By: John Miner | Updated: 2023-08-30 | Comments (1) | Related: > Azure Synapse Analytics
Problem
Many organizations are consolidating all their informational assets into a data lake. This is a great idea since all the structured and unstructured data can be stored in one location, and many types of users can access the data.
Traditionally, a SPARK cluster is used to manipulate the data stored in the lake via quality zones. This data engineering batch process can be scheduled at night. The more powerful the SPARK cluster is, the more costly the Azure bill. Since most data is written once and read many times, how can we reduce the cost of our company's reading activities?
Solution
Azure Synapse Analytics, Serverless SQL pools allow the architect to replace the interactive SPARK cluster with a lower cost service. The OPENROWSET and EXTERNAL TABLE commands have traditionally used POLYBASE to read schema on demand. However, this syntax can be time-consuming to set up. Microsoft recently released the Lake Database that abstracts this underlying mechanism via the Azure Portal and/or SPARK engine. Shown below is a high-level architecture diagram of Synapse Serverless Pools.
Business Problem
Our manager has asked us to investigate how to read data stored in an Azure Data Lake using Azure Synapse Analytics to reduce our overall cost. Because most staff are familiar with Microsoft SQL Server, focusing the investigation on Serverless SQL Pools and Databases makes sense.

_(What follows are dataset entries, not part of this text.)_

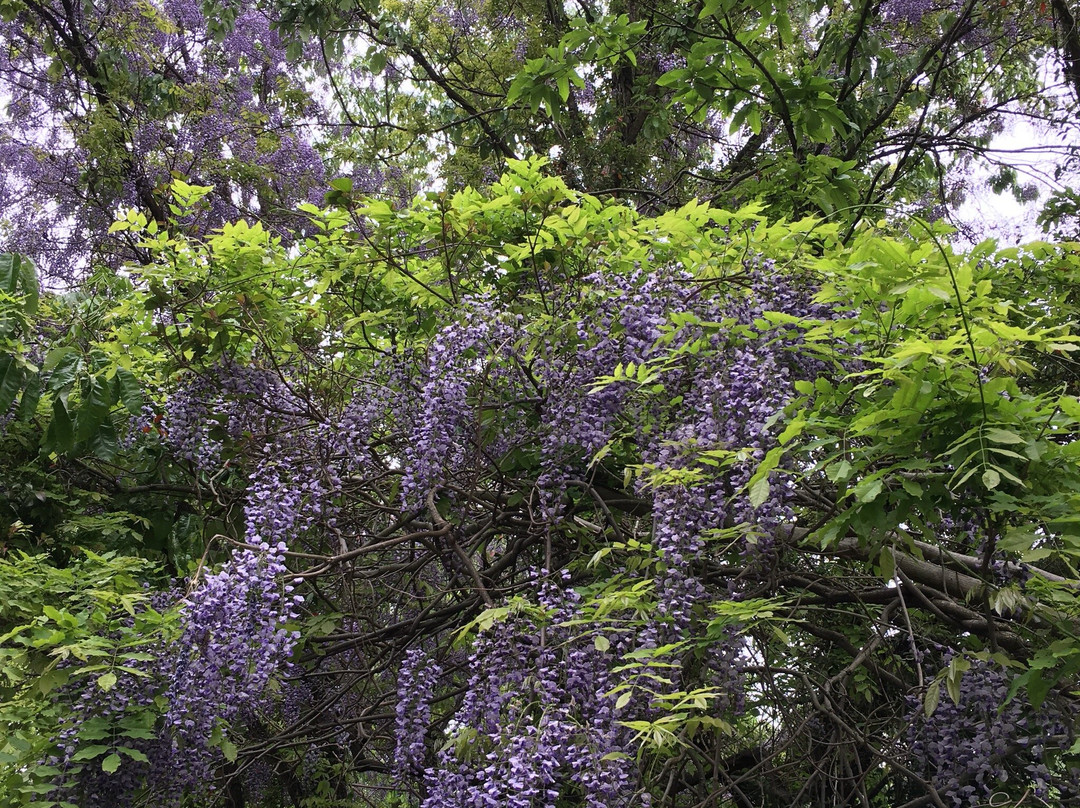 Mt. Tomiyama-相生市必去景点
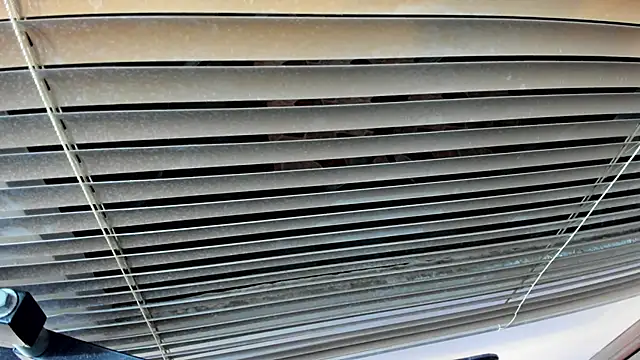 Snapshot of SaraClub_JY chatting on October 21, 2025, 10:42 pm SaraClub JY online show from October 21, 2025, 10:42 pm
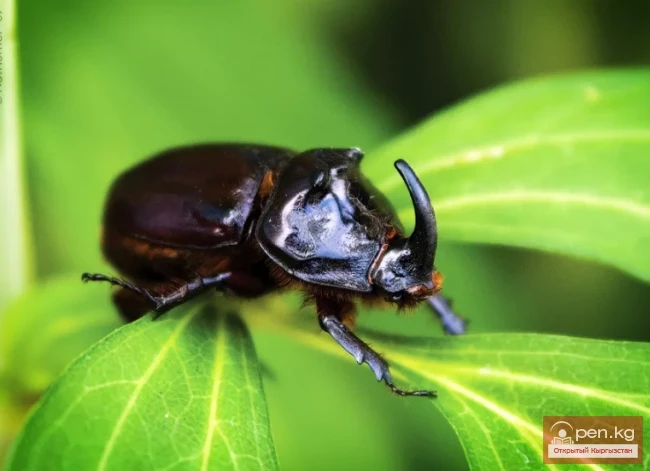 Жук–носорог - Керик–коңуз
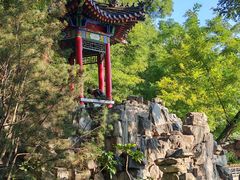 -莲湖公园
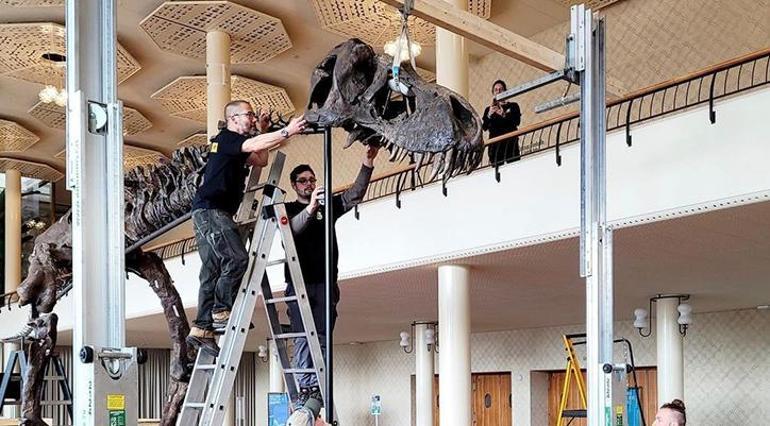 Var olan en muhteşem T-Rex iskeletlerinden biri 6,2 milyon dolara alıcı buldu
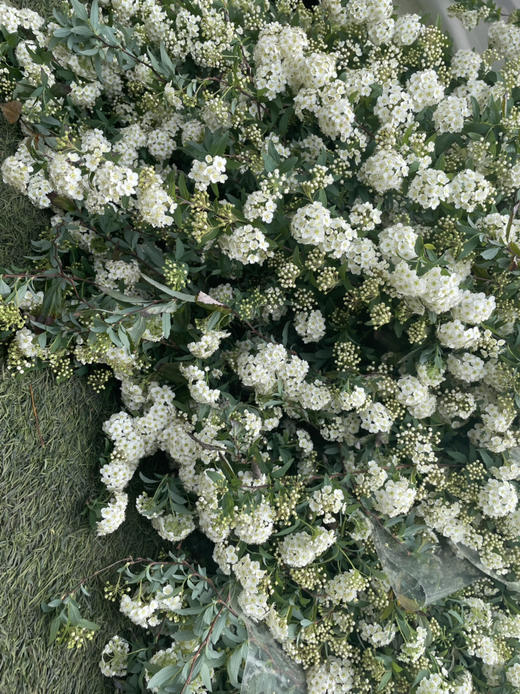 【春日仙子】小手球花 约1.2米 单瓣  若干枝/扎 商品图8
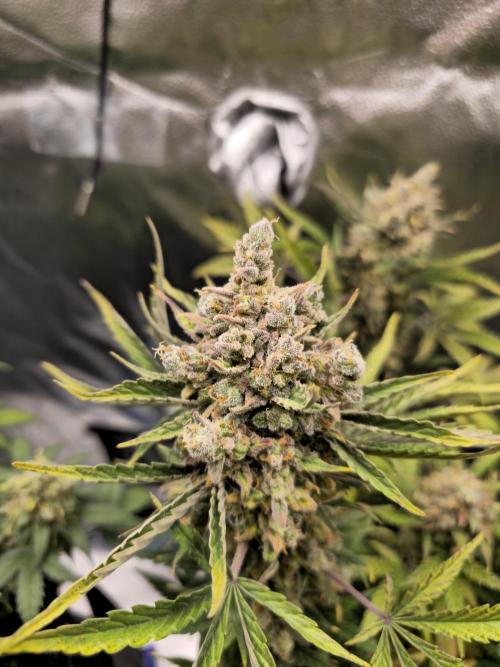 🍊Orange Sherbert Auto🍧. Week 12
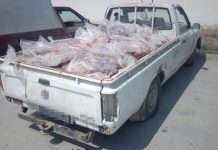 Τρεις συλλήψεις στον Έβρο για παράνομη διακίνηση 1.200 κιλών κρέατος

Here is a list of tasks that we need to investigate and solve.
| Task Id | Description |
|---|---|
| 1 | Create test environment |
| 2 | Explore the data lake |
| 3 | Define test database |
| 4 | Secure test database (windows security) |
| 5 | Define complete database |
| 6 | Secure complete database (standard security) |
At the end of the research, we will understand how to manage SQL Serverless Databases using Azure Synapse Analytics.
Create Test Environment
This section will review tasks that must be performed before creating SQL databases in the serverless pool. The image below shows a dashboard that was created for this article. I assume you know how to deploy Azure Services using the Azure Portal. For our experiments, we need a storage account configured for Azure Data Lake Storage and the Azure Synapse Workspace. Additionally, we will want to test access to the database using a virtual machine with SQL Server Management Studio (SSMS) installed as an application.
The following objects have been deployed and configured in our test environment:
- wsn4synapse – the Azure Synapse workspace.
- vm4sql19 – a virtual Windows server that has SSMS installed.
- sa4adls2030 – a storage account that has data lake containers.
- sc4adls2030 – a storage container with hierarchical name spaces enabled.
When deploying Azure Synapse, one is required to create local storage. We will talk about that later in the article.
The image below shows the details for the Azure Synapse Analytics workspace. Here is some important information to retain from this page. First, every deployment requires the data engineer to create a SQL administrator account. I chose to pick the name sqladminuser for the account and have the password checked into a private key vault. We will use this information later in the article. Every workspace automatically has a Serverless SQL pool deployed. However, we need to know the endpoint of this pool to check our access via SSMS. Look for the URL under the Serverless SQL endpoint.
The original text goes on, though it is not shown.